Lo resolvió apenas sesenta días luego de su desaparición. Alberto, su padre, recién se enteró esta mañana. Así es imposible establecer la procedencia de los dos mensajes de textos que recibió de esa línea el pasado Día del Padre.


José Frigemoni, uno de los primeros sospechados tras la desaparición de Paula Perassi, la madre sanlorencina desaparecida hace más de 10 meses, aportó declaraciones en el Juzgado penal local dentro de la causa en la que aparece sospechado.

El testimonio aportado demandó varias horas de interrogatorio, y una vez culminado, abandonó los Tribunales no sin antes cruzarse cara a cara con Alberto Perassi, el padre de Paula, que lejos de aceptarle la mano tendida por aquel, lo insultó fuertemente.

Frigemoni arribó a San Lorenzo alrededor de las 9 de hoy y lo hizo en compañía de personal policial (las tropas de Operaciones Especiales), quiens en colaboración con sus pares de la provincia de Buenos Aires, lo trajeron obligado, desde General Rodríguez, localidad en la que residen. Si bien había sido convocado a declarar, el sujeto se había negado hacerlo en dos oportunidades.

Tras la desaparición de paula, una de las primeras pruebas obtenidas fue la comunicación sostenida por aquella con el sospechado, a través de chat e incluso también, telefónicamente, intercambiando mensajes “de alto contenido erótico”, de acuerdo a lo trascendido entonces luego de los rastreos de rigor y el secuestro de una PC propiedad de Frigemoni. Habría sido la última persona con la que tuvo ese tipo de contacto.

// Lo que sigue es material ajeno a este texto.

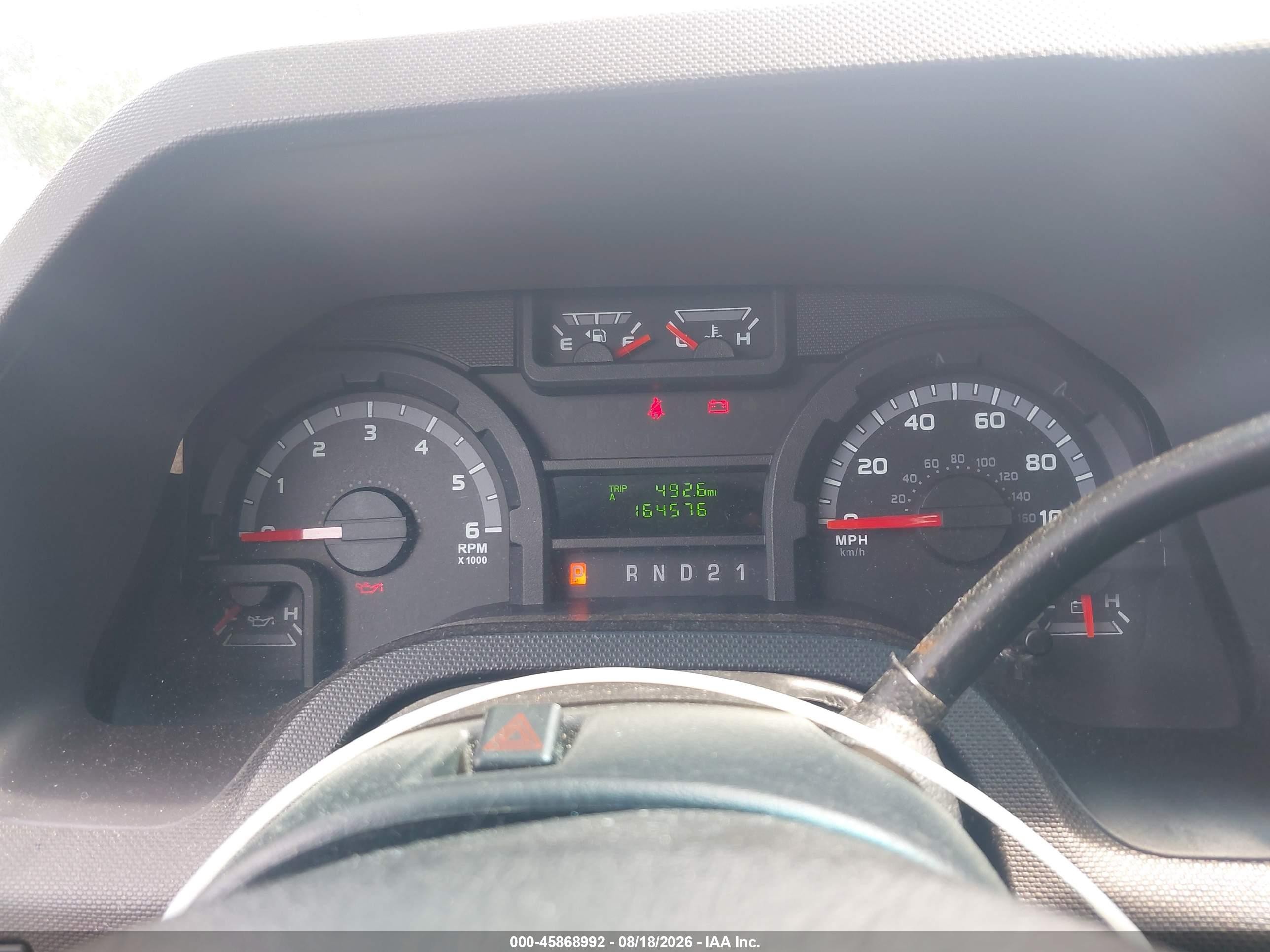 2012 Ford E-250 Commercial Белый vin: 1FTNE2EW0CDB36853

El aporte de testimonio lo efectuó frente al fiscal de la causa, Ramón Moscetta, y el juez de instrucción, Eduardo Filocco. Además, participan del encuentro los abogados de Alberto Perassi, los doctores Adrián Ruiz y José Ferrara, integrantes del Colegio de Abogados de Rosario.

La ocasión le fue propicia para que Alberto Perassi pudiera sostener un diálogo con el fiscal Moscetta, pero no así con el juez Filocco, al que no pudo volver a tomar contacto desde hace meses.

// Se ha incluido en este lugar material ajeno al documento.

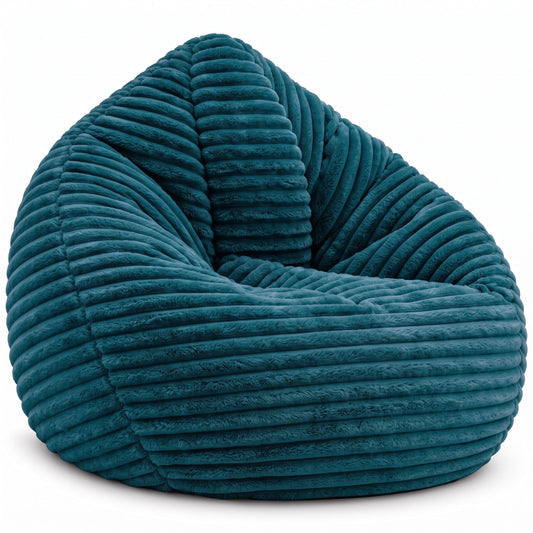 PatchHome Cordino Sitzsack aus Breitcord – Komfort pur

Moscentta le reveló un dato con el que Perassi quedó helado. Para el pasado Día del Padre, Alberto, que jamás dejó de pagar el abono de la cuenta telefónica del celular de Paula (con la intención de esperar algún llamado de su hija o de alguien vinculado con aquella para revelar su paradero), recibió dos mensajes de textos alegóricos a la fecha y dirigidos a su persona, remitidos, presuntamente por su hija desaparecida.

Muy grande fue su enojo cuando se anotició que la Justicia ordenó desactivar la intervención del celular de Paula, a los dos meses de su desaparición. De esta manera, las especulaciones que tenía sobre la identificación de al menos el lugar donde se dispararon tales menajes, perdieron todo peso, pues no hay forma de comprobarlo.

Consultado el fiscal sobre los motivos que lo llevó a tomar esa decisión, el funcionario judicial le respondió “”porque era un servicio muy caro”, según indicó el propio Perassi.

Tras su declaración, José Frigemoni se retiró de Tribunales para regresar a su lugar de residencia, sin quedar imputado en la causa. Se especulaba que con los datos revelados se ordenarían algunos allanamientos, pero hasta ahora esa hipótesis fue desechada.